▶ _Work task_: Wherever a picture appears, leave it out; set down everything else in the records exactly.

▶ _Given records_:
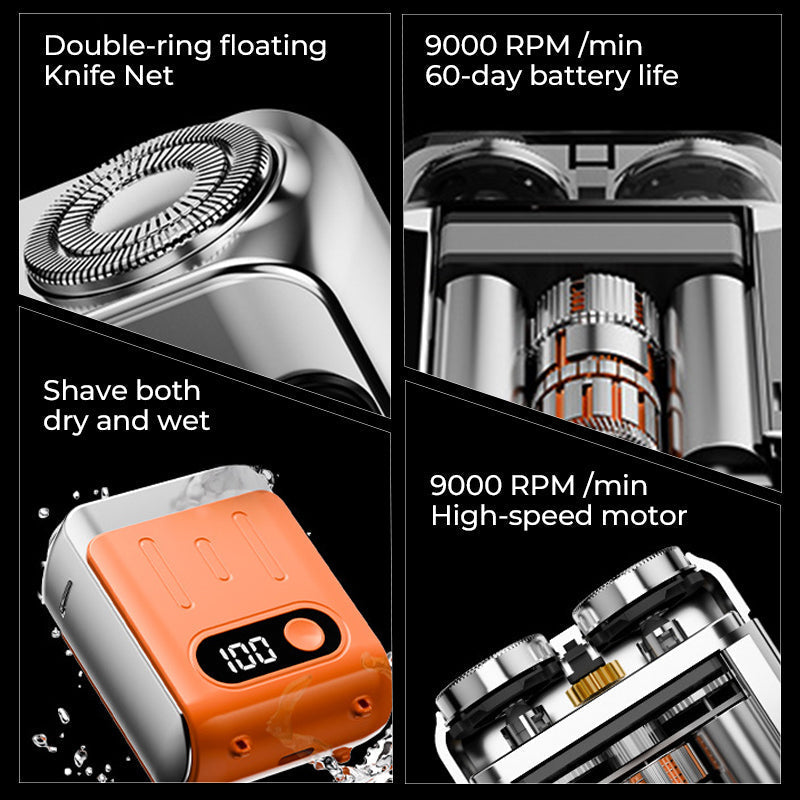 Norvo | Men’s Portable Mini Rotary Electric Shaver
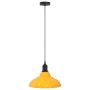 Lámpara colgante regulable altura E27 amarillo brillante Ø 31cm de , Lámparas - Ref: Foro24-4103439, Precio: 34,00 €, Descuen...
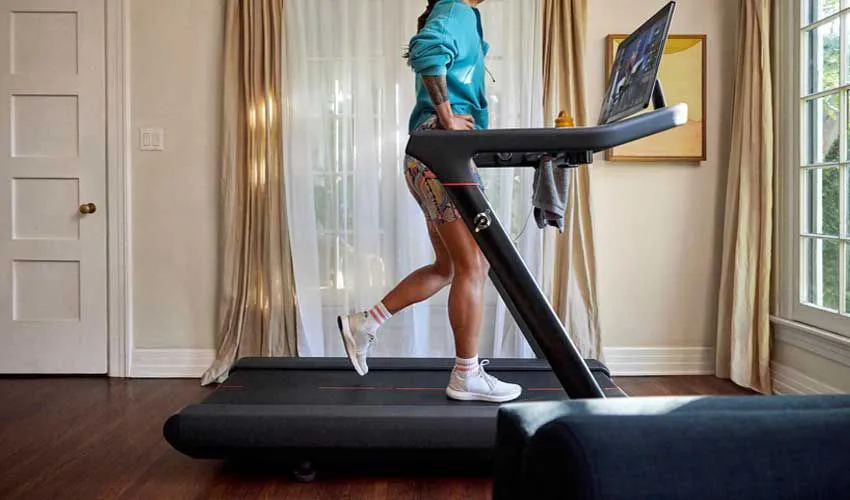 Home treadmill handle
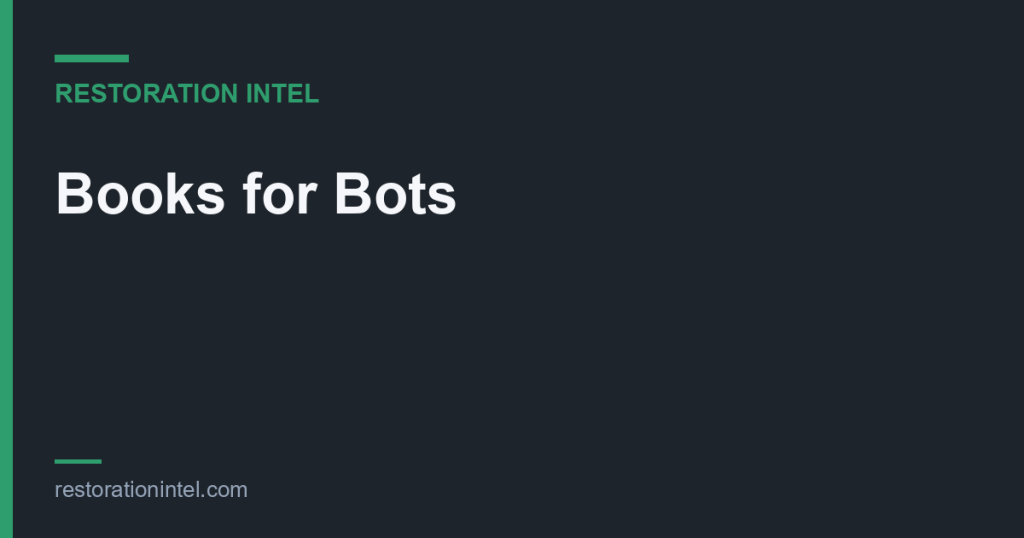 Books for Bots
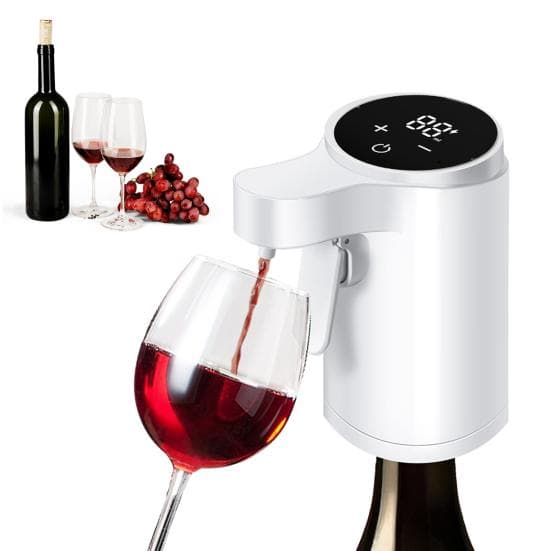 Intelligent Touch Screen Wine Dispenser Rechargeable Electric Aerator One-handed Wine Dispenser Wine Extractor black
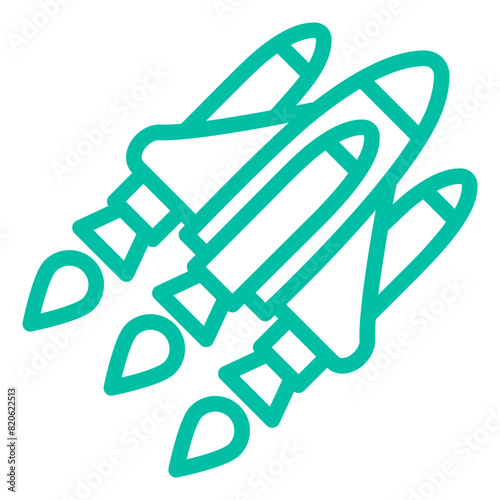 Space shuttle Vector Icon Design Illustration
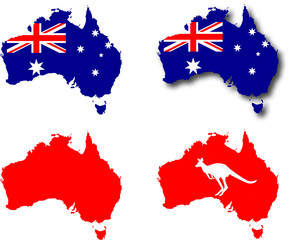 Australian map set 
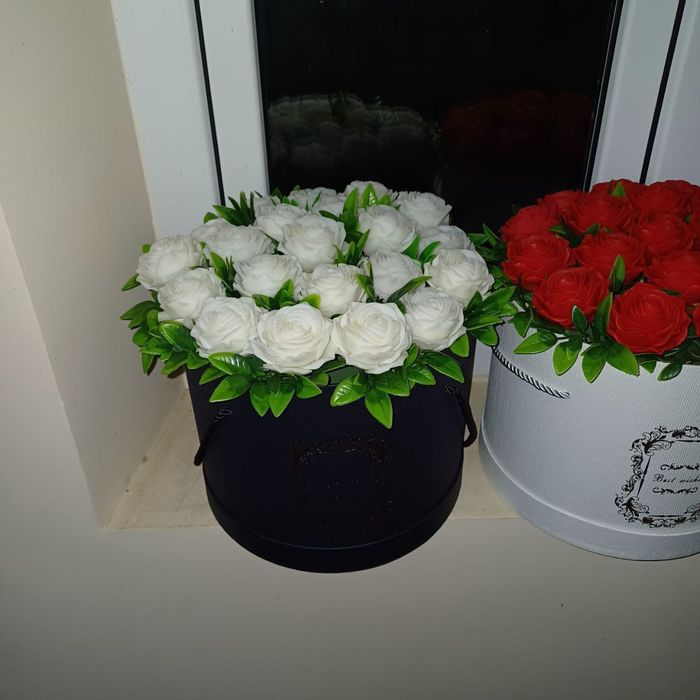 Sovunli gullar qoʻl mehnati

▶ _Your solution_:
 Norvo | Men’s Portable Mini Rotary Electric Shaver
 Lámpara colgante regulable altura E27 amarillo brillante Ø 31cm de , Lámparas - Ref: Foro24-4103439, Precio: 34,00 €, Descuen...
 Home treadmill handle
 Books for Bots
 Intelligent Touch Screen Wine Dispenser Rechargeable Electric Aerator One-handed Wine Dispenser Wine Extractor black
 Space shuttle Vector Icon Design Illustration
 Australian map set 
 Sovunli gullar qoʻl mehnati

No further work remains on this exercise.